PROBLEM:
The lines from the one with "Norma Keil Boatright Gravestone" through the last line of the material below, copied exactly and free of pictures, make up the whole answer.

DATA BELOW:
┌──
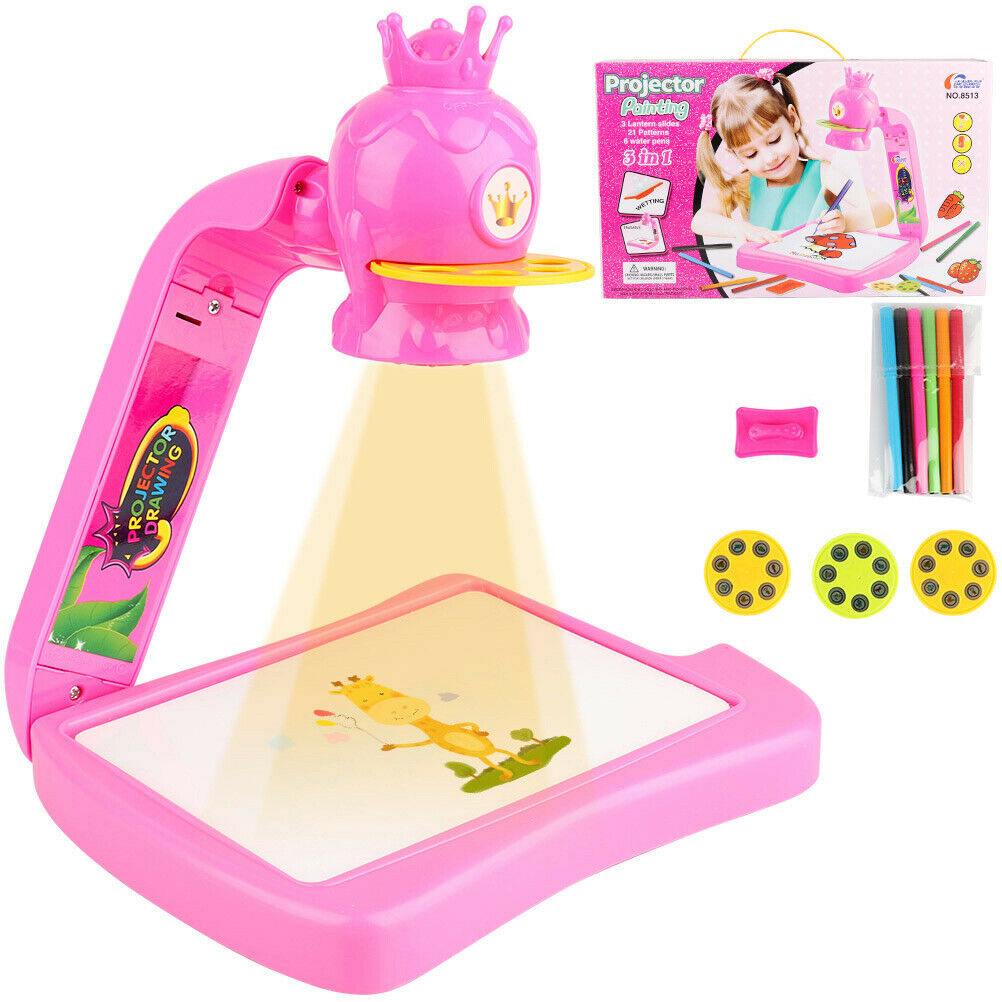 Children Multifunction Drawing Board Projector Painting Educational Tool Gift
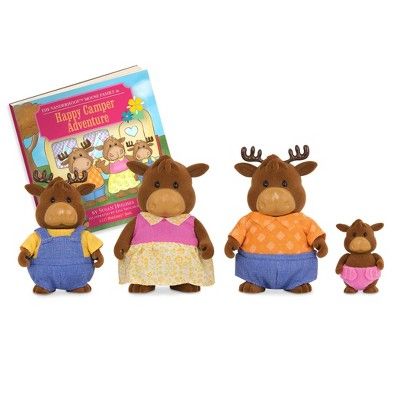 Li'l Woodzeez Miniature Animal Figurine Set - Vanderhoof Moose Family | Target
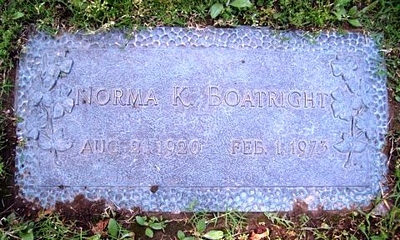Norma Keil Boatright Gravestone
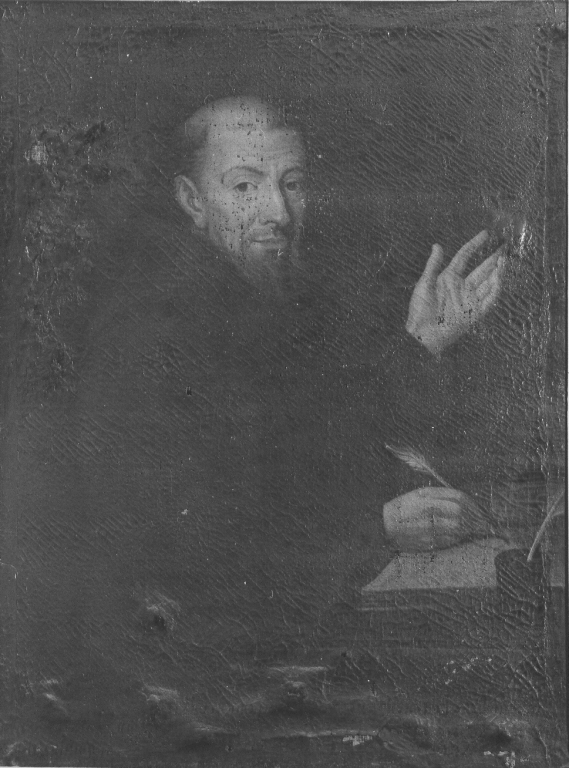 Ritratto di frate cappuccino (dipinto) - ambito romano (sec. XIX)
└──
REPLY TO THE EXERCISE:
Norma Keil Boatright Gravestone
 Ritratto di frate cappuccino (dipinto) - ambito romano (sec. XIX)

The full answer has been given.